[TML] A little tinkering with Lasers

Timothy Little tim at little-possums.net
Fri Aug 24 18:54:00 MDT 2007


shadow at shadowgard.com wrote:
> Actually it's *not* essentially zero. Otherwise you wouldn't notice
> the lag time on a satellite link compared with a cable across the
> seafloor.

The usual consumer satellite links travel drastically further than
necessary, and the situation is made worse by the usual behaviour of
TCP to latency (interpreting it as congestion and slowing down).  Then
there's actual congestion on top of that.

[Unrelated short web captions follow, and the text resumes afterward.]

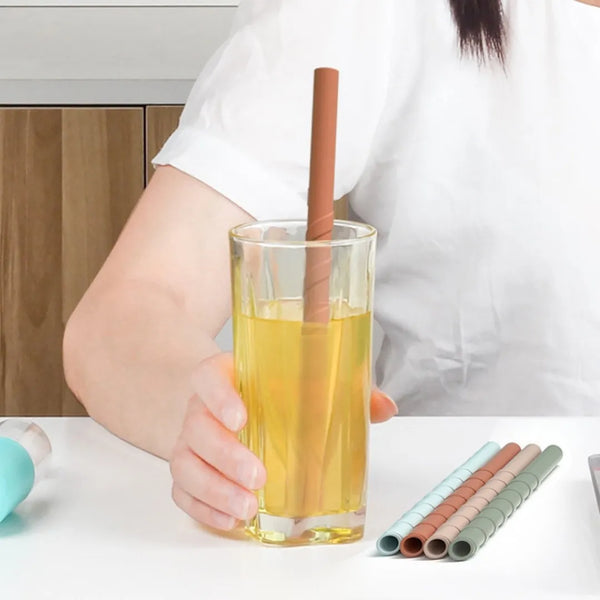 Reusable silicone straws in iced coffee and smoothie glasses, sustainable eco-friendly drinkware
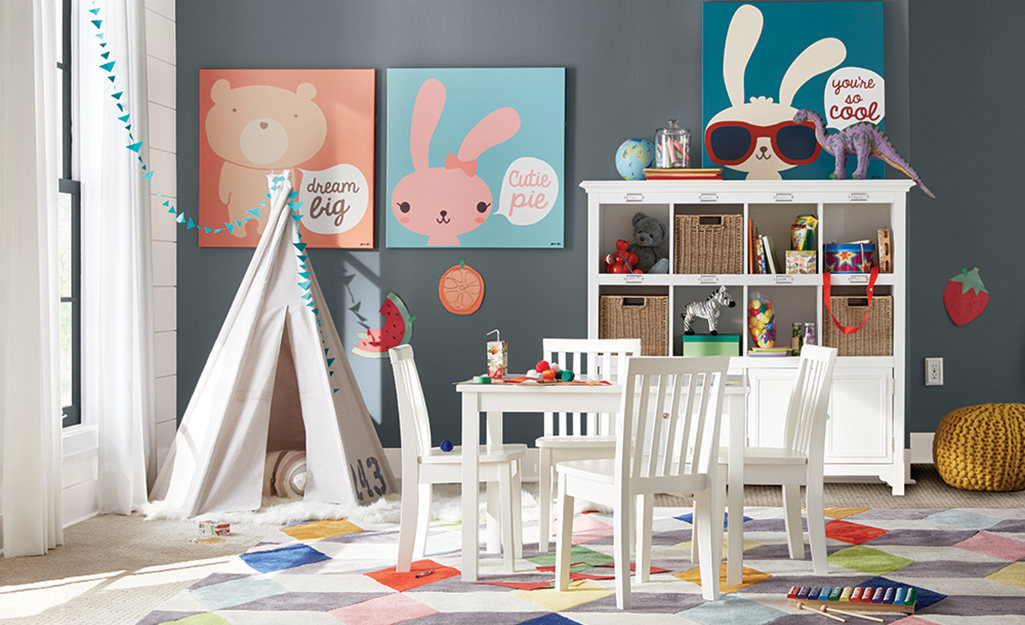 A children's room with furniture and toys.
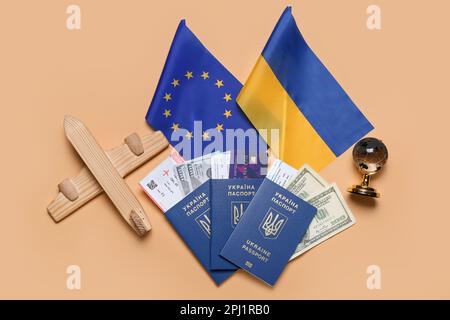 Passaporti con denaro, aeroplano giocattolo, bandiere dell'Ucraina e dell'Unione europea su sfondo beige Foto Stock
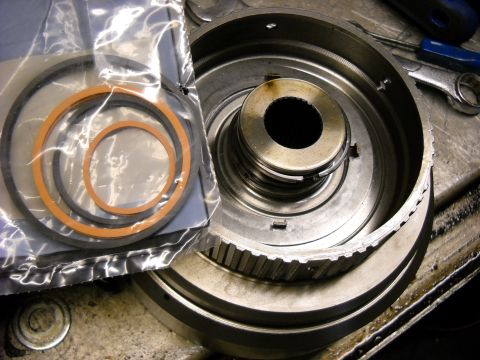 1993 Ford C-150 (Centurion Conversions) - Transmission drum and seals laid out on a workbench, ready for rebuild.
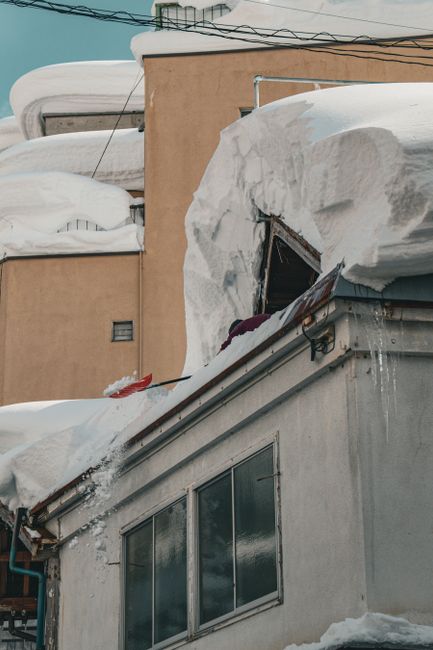 A homeowner observes a snow-covered roof with icicles, gutters, and visible winter wear from the ground.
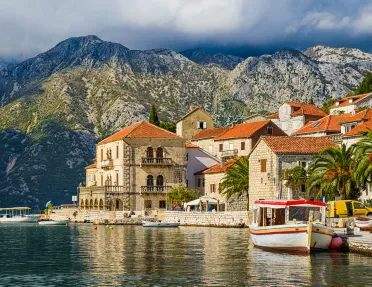 Shot of Croatian houses on coast, boats, mountain in distance.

The actual geosync light speed latency is less than 600 ms, and that's
for a relay in a *very* high orbit: about 6 times Earth's radius.  The
minimum round-trip time for a ping from Tasmania to a site in the UK
(via cables) is about 350 ms.  The difference would be noticeable, but
not huge.

One factor not previously mentioned: fibre optic cables have a fairly
high index of refraction, which means that light travels slower
through them than through space - typical about 2/3 of the speed.  A
satellite-routed connection could theoretically have *lower* latency
than very long distance cable links, if the relays were closer to
Earth.


In short, yes it is true that meson communicators would permit lower
latency communication between sites separated by planetary mass.  In
practice I don't think it would make a lot of difference.